══ RECORD SET ══
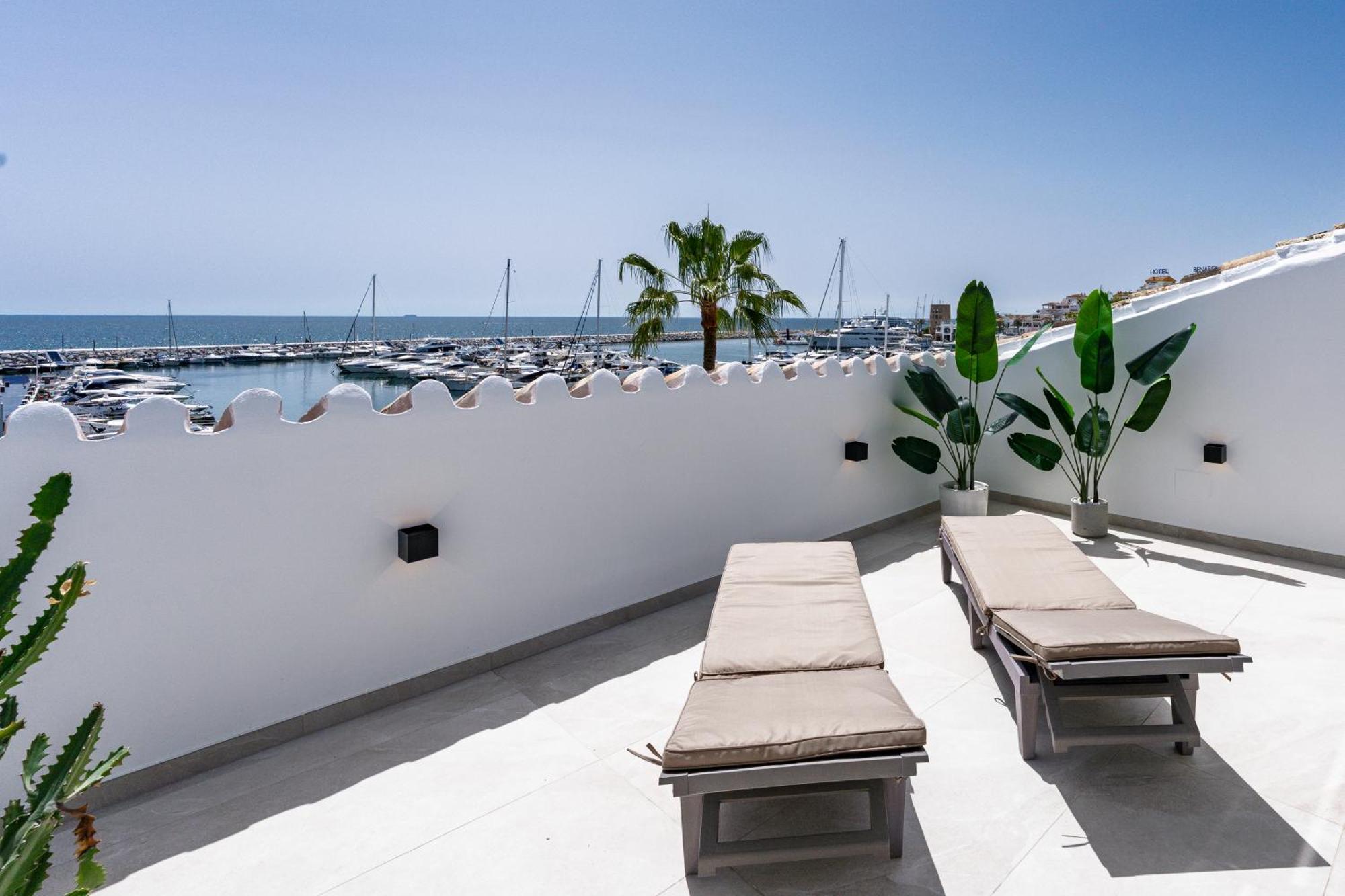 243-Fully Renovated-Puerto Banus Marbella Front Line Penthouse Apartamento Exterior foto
═══
══ RECORD SET ══
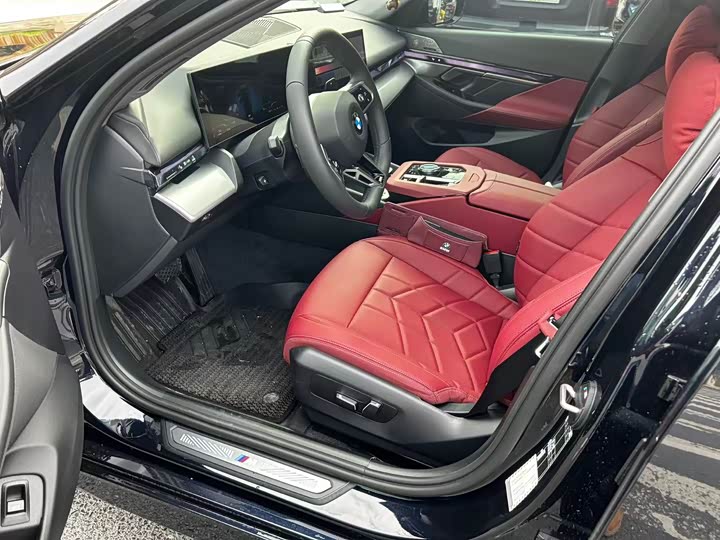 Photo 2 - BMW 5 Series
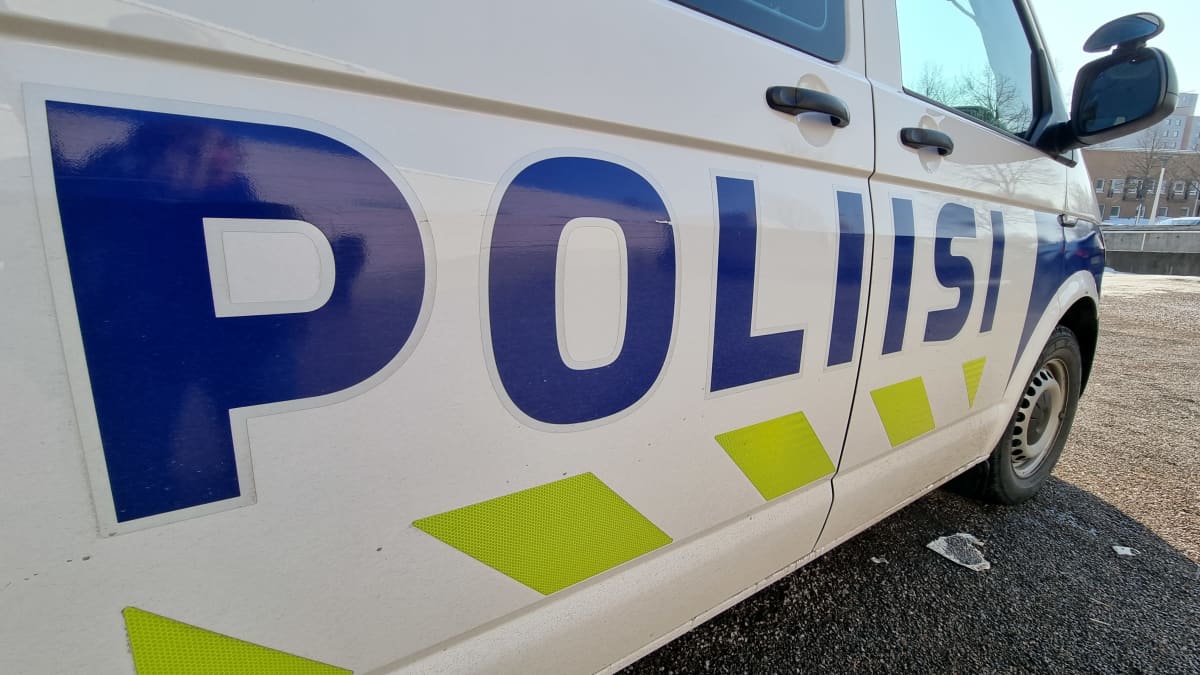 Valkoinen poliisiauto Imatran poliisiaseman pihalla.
═══
### [TO DO]
Starting with the line above that holds "Photo 2 - BMW 5 Series", restate each line word for word up to and including the line that holds "Valkoinen poliisiauto Imatran". Drop the pictures.

### [TASK ANSWER]
 Photo 2 - BMW 5 Series
 Valkoinen poliisiauto Imatran poliisiaseman pihalla.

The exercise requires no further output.